A Brief List of Things I Have Learned on My Trip Thus Far

With over two months passed and only about three weeks left, I was thinking about some of the lessons I’ve learned on this trip. I’m getting closer to returning to Helena, and it’s hard not to think about Eliot’s idea that travel will make home new once more. He wrote, “we shall not cease from exploration, and the end of all our exploring will be to arrive where we started and know the place for the first time.”
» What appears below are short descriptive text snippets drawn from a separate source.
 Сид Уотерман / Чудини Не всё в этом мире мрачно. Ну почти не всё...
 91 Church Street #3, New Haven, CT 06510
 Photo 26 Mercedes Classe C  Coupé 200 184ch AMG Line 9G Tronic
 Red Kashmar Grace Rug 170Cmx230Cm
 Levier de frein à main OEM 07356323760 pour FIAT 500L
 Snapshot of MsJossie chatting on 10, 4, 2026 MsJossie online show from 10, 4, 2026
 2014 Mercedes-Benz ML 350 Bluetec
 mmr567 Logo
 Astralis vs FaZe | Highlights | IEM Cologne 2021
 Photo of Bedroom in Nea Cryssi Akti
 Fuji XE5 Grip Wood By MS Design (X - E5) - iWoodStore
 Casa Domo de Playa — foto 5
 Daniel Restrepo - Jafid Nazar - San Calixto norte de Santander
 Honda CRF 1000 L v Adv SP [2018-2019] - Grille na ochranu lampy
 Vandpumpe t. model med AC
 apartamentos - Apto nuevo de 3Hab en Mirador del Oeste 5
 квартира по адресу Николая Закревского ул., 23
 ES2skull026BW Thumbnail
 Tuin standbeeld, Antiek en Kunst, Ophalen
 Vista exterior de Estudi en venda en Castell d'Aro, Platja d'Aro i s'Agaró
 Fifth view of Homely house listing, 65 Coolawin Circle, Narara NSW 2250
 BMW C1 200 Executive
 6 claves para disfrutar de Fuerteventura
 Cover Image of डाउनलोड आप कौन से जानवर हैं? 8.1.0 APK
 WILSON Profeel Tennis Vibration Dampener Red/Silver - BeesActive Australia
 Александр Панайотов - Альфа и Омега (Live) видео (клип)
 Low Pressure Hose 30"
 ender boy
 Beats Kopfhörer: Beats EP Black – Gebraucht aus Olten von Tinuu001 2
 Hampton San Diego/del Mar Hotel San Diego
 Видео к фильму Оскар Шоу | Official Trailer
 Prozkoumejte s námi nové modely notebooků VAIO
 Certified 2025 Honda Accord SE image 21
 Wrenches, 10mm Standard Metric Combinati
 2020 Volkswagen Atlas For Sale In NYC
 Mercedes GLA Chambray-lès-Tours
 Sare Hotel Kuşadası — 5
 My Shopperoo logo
My observations are certainly less profound, but here are a few things that I’ve learned along the way:

  • If an Airbnb or other host suggests that you eat at “a little family place,” even if it literally has no name, you almost certainly should try it.
  • I can walk much farther and for more days than I ever imagined.
  • Walking may very well be the key to a longer, more independent life. While some move quite slowly, there’s a lesson to be taken from the experience of seeing so many elderly people taking care of their own needs, shopping, and moving about their cities. They make a powerful case that more mobility outside of cars might just mean more independence later in life.
  • Eat the special dish of the city or region you’re in, no matter what. Fine, be a vegetarian back home, but if the people of Porto have a special sandwich that has three kinds of meat served in a special sauce over a bed of French fries, you should eat the damn thing.
  • About 97% of the illnesses and little aches I experience back home must be stress-related. That’s a valuable but frustrating bit of information.
  • The people of Portugal are rightly sure that their food and coffee is better than what you’ll find in Spain—and make sure to tell you. I can hardly be critical of them for that, as I’ve told roughly 854 people that Montana is the most beautiful part of the United States thus far.
  • I need to find a way to take longer trips in the future. When I leave, I will have been in Portugal for nine days, making it one of my longest trips, but I already feel like it’s just not enough time.
  • That being said, a short and intense visit to a new place can be incredible.
  • There are far worse ways to experience a new city on the first day than to drop off your bag, head for the city center and just wander the whole day. Travel guides are wonderful resources, but serendipitous discovery is even more rewarding.
  • Drivers in Helena might be frustrating, but many drivers in Europe are terrifying. On a related note, pedestrians are in danger everywhere, all the time.
  • The worst part of travel is the travel: getting to airports, finding train stations, making schedules work. That being said, people in transportation are often the best resources to learn about a new city, and European trains and buses are marvels.
  • If you plan to navigate through a European city on foot using Google Maps, you might as well just blind yourself, Oedipus-style, and wander aimlessly through the streets. It might just be less frustrating.
  • Rely on friends and pick up hitchhikers. Seriously.
  • It’s not a great idea to get your first tattoo in a country where you don’t speak the language.